Cela faisait un moment que la France n'avait plus entendu parler de Christopher MOORE, six années s'étant écoulées depuis la publication du deuxième tome de sa trilogie sur les vampires. Manque de succès de cette dernière et/ou disparition de la collection Interstices de Calmann-Lévy, seuls les professionnels de l'édition ont les éléments de réponse à cet état de fait. Quoi qu'il en soit, l'écrivain américain nous revient aujourd'hui chez un petit éditeur avec un roman une nouvelle fois (d)étonnant et, disons-le d'emblée, qui sera à marquer d'une pierre blanche dans sa bibliographie.

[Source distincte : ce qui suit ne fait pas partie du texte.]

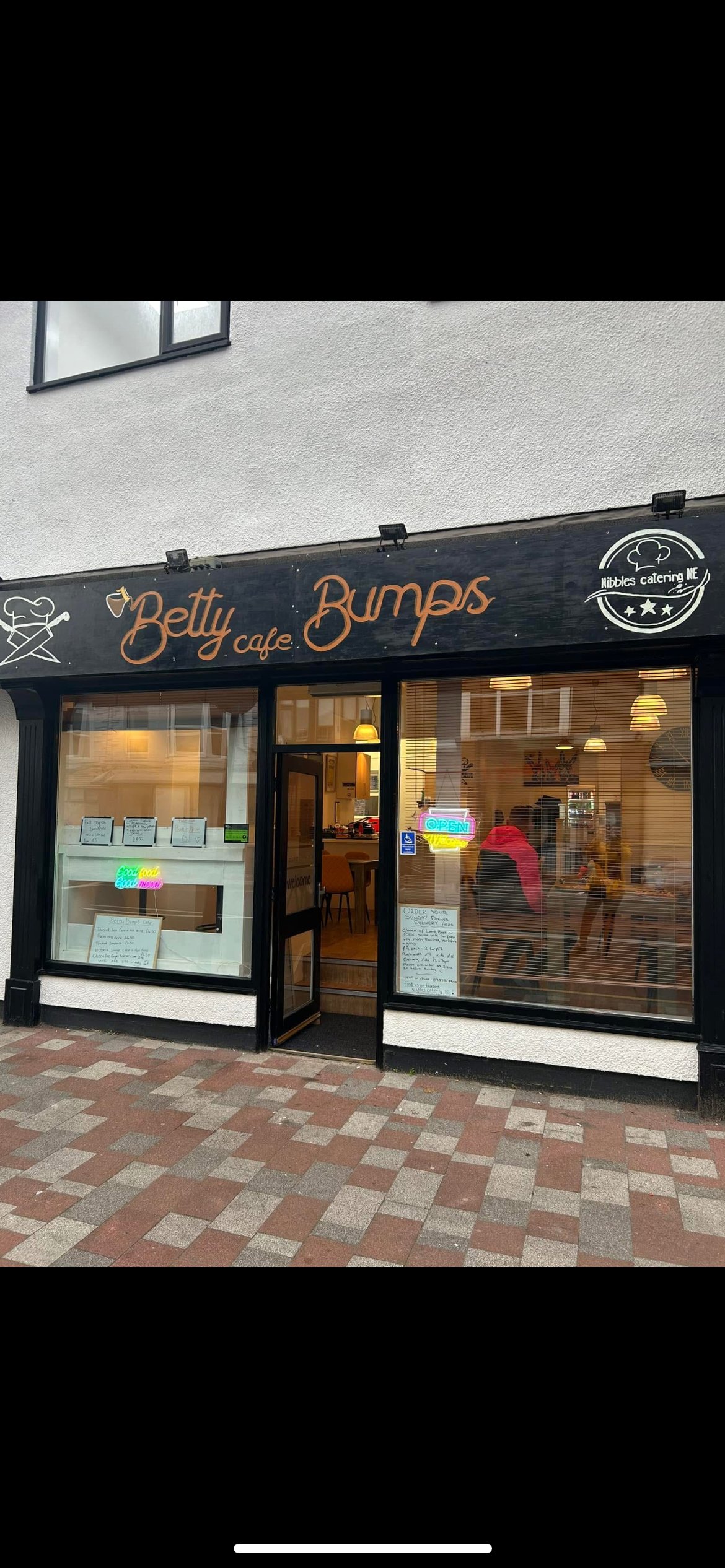 Betty Bumps Cafe (nibbles catering Ne)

Sacré bleu part d'une hypothèse : le 29 juillet 1890 Vincent van Gogh ne s'est pas suicidé à Auvers-sur-Oise, mais a été assassiné. Quant à l'assassin le lecteur le connaît dès le démarrage du roman, il s'agit d'un mystérieux dealer de pigments, en particulier d'un bleu outremer, qui se fait appeler « L'Homme-aux-Couleurs ». La mort de Vincent van Gogh est retentissante dans le Paris artistique, dont le coeur se trouve à Montmartre et l'âme incarnée par Henri de Toulouse-Lautrec. Ce dernier entraîne son ami Lucien Lessard (l'un des seuls personnages imaginaires, mais néanmoins inspiré), boulanger de son état, mais peintre amateur lui-même, dans une enquête rétrospective qui fait traverser au lecteur une bonne part de la deuxième moitié du XIXème siècle, et notamment la période qui vit l'avènement de l'Impressionnisme. C'est ainsi que les personnages secondaires ont pour nom Renoir, Pissarro, Monet, Manet ou encore Gauguin.

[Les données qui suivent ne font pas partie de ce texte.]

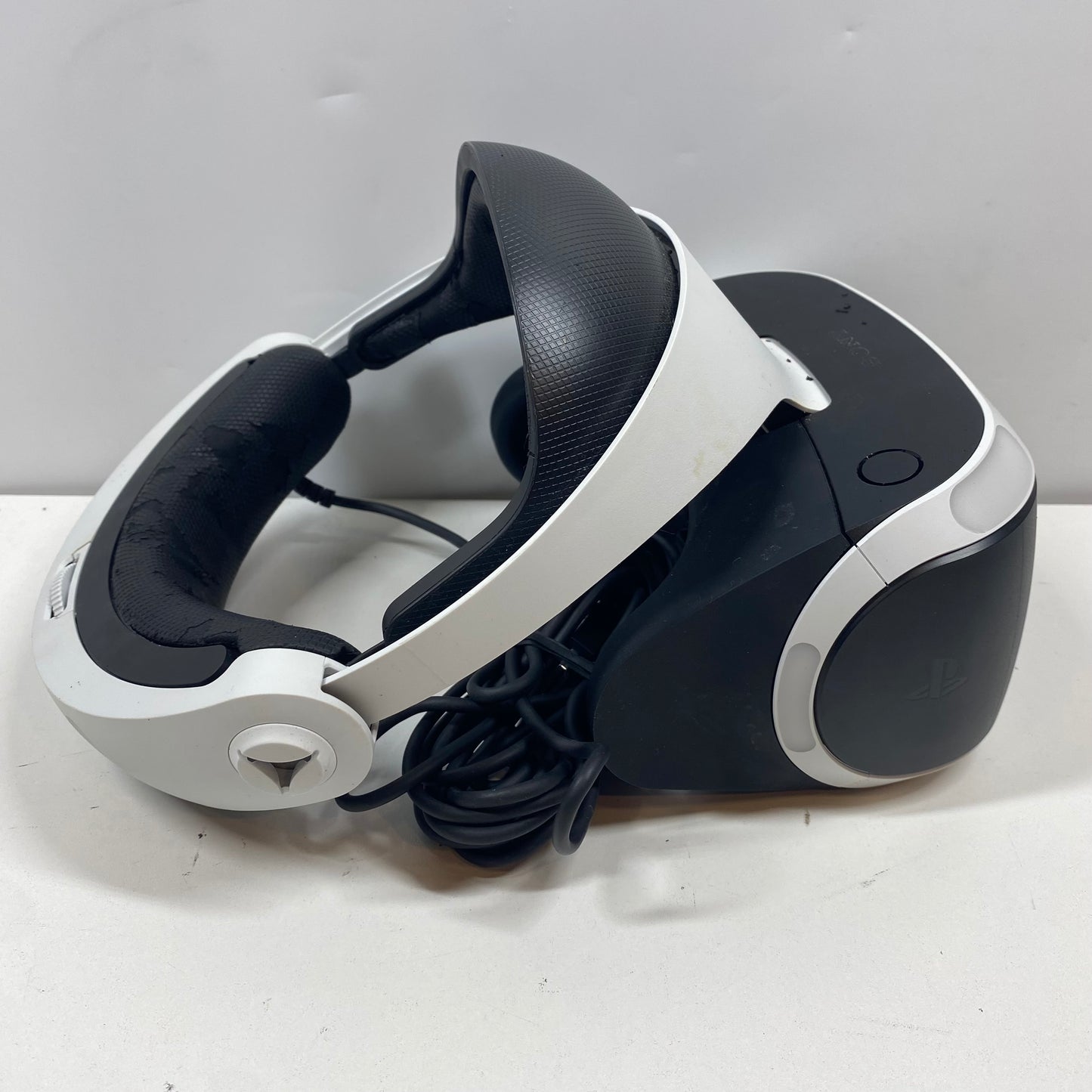 Sony Playstation VR Virtual Reality VR Headset White/Black CUH-ZVR2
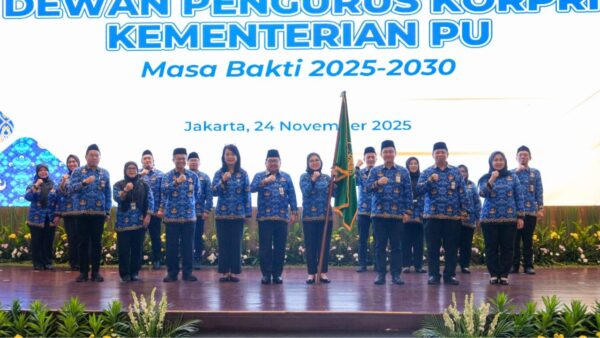 prosesi pengukuhan Dewan Pengurus KORPRI Kementerian PU periode 2025–2030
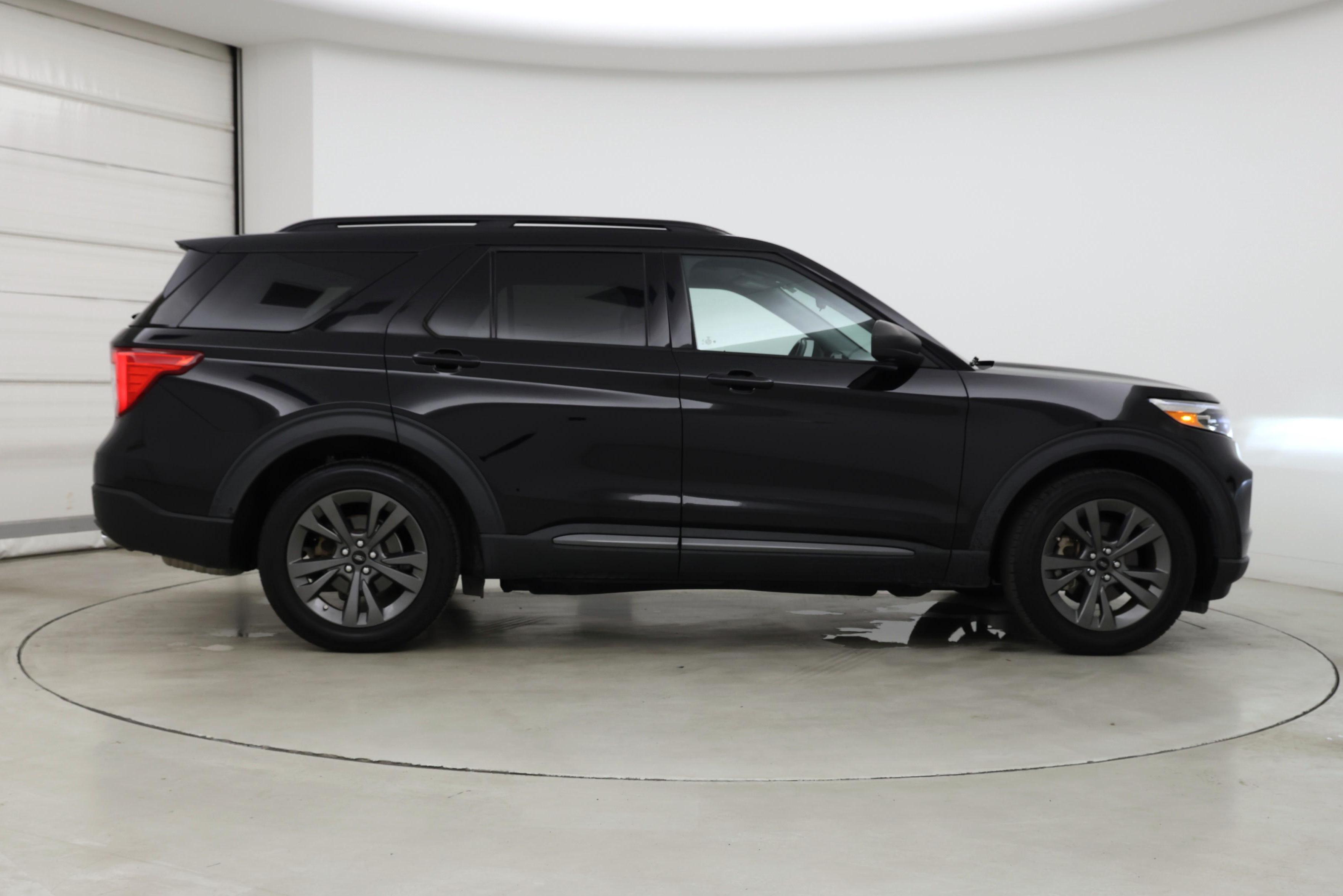 Thumbnail: 2021 Ford Explorer - 7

Christopher MOORE signe alors une comédie noire (ou plutôt bleue) qui prend des airs de reconstitution historique d'un Paris pas si fantasmé que cela. Comme en témoigne sa Postface (« Tu n'as pas pu t'empêcher de flinguer l'art ! »), l'écrivain iconoclaste est un vrai passionné et s'est abondamment documenté pour faire vivre ses célèbres protagonistes. Il n'en demeure pas moins qu'il n'a rien perdu de son humour déjanté, lequel est parfaitement adapté à sa reconstitution trépidante. Au contraire il prend une toute autre dimension en étant mis au service d'une thématique qui finalement est celle de l'inspiration et de la façon dont la muse de la création génère les chefs-d'oeuvre comme la folie des hommes. MOORE trouve d'ailleurs le moyen de l'illustrer par quelques incursions dans d'autres espaces-temps, comme celle qui nous ramène à l'apparition de l'art pariétal, en plein Paléolithique supérieur.

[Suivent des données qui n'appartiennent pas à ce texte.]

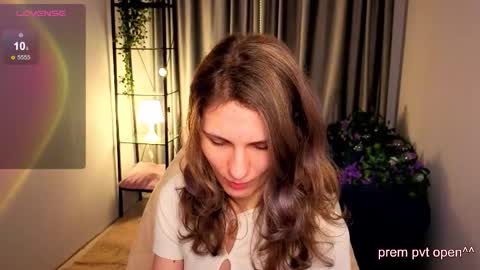 Jennie online show from December 14, 2025, 1:49 pm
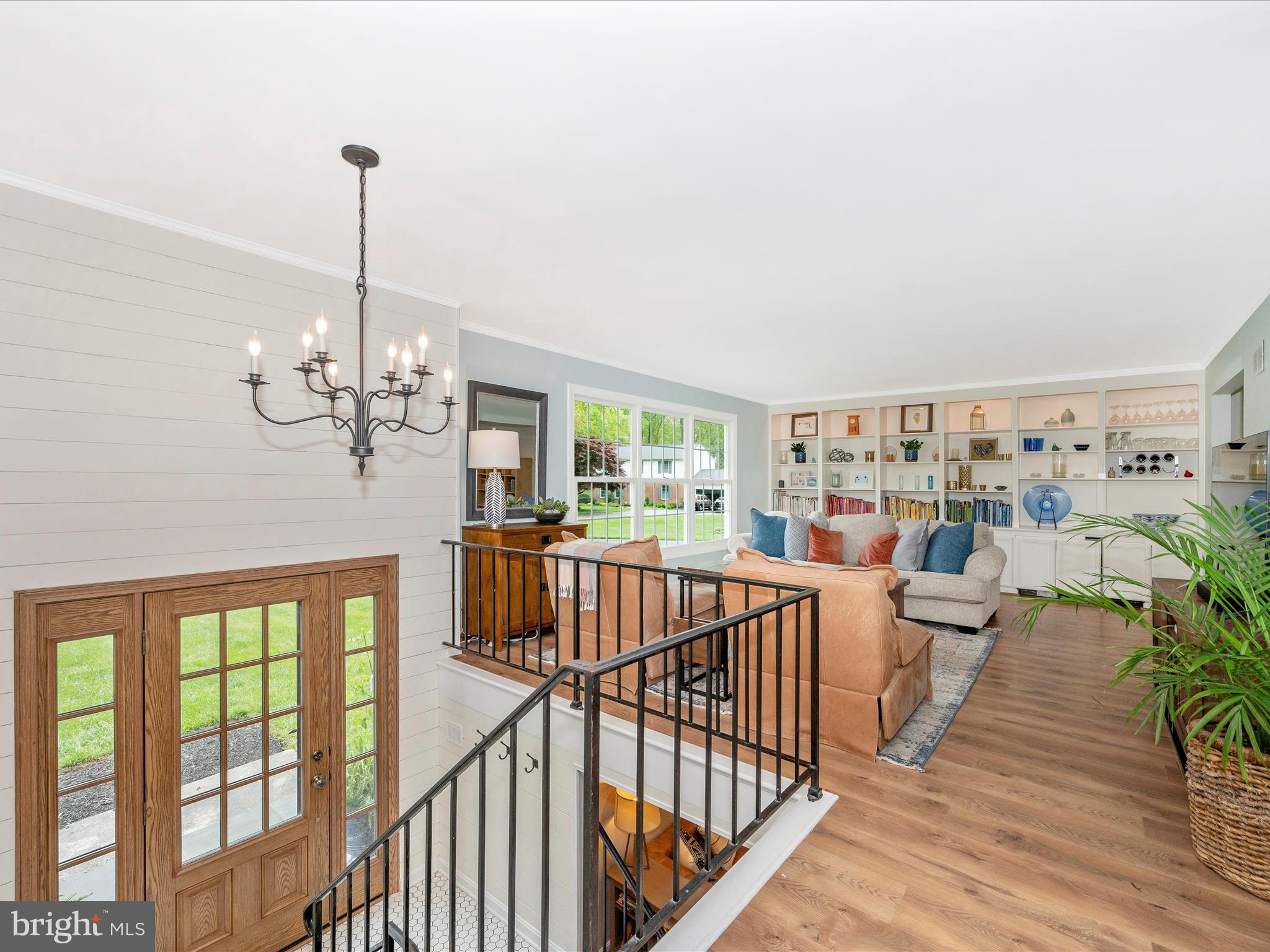 YORK MANOR - Residential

En bref, Sacré bleu est un roman rythmé, drôle et d'une finesse à laquelle MOORE ne nous avait pas encore habitué. Il signe donc là l'un de ses meilleurs romans, si ce n'est le meilleur. On appréciera en plus le joli travail d'édition, et tout particulièrement le cahier en couleur en fin de volume reprenant une bonne trentaine de reproductions de peintures ayant inspiré autant de scènes du roman.